> **What to do**
Below is a block of entries; repeat exactly the lines starting at the line that contains "Молдинг крыла заднего" and ending at the line that contains "第105话-第106话", both included.

> **Input records**
* * *

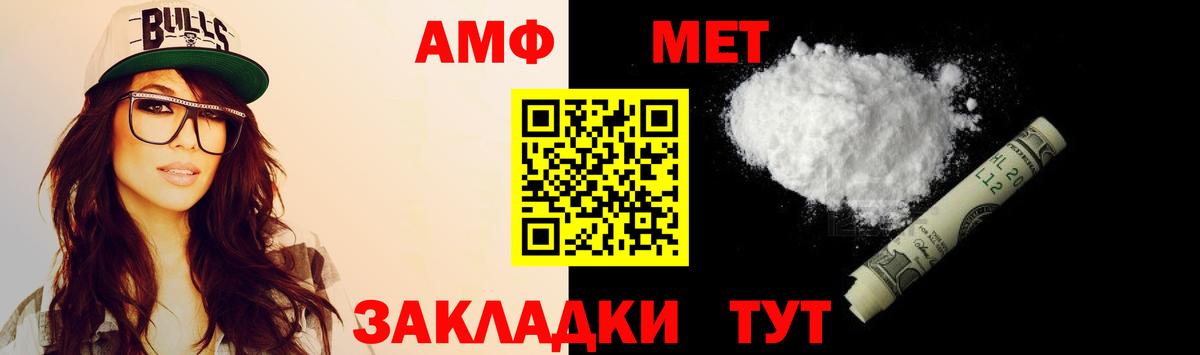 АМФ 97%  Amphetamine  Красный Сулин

* * *

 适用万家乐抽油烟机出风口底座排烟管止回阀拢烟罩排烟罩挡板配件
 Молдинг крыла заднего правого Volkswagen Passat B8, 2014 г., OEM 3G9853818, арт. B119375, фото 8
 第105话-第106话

* * *

> **Response to this exercise**
 Молдинг крыла заднего правого Volkswagen Passat B8, 2014 г., OEM 3G9853818, арт. B119375, фото 8
 第105话-第106话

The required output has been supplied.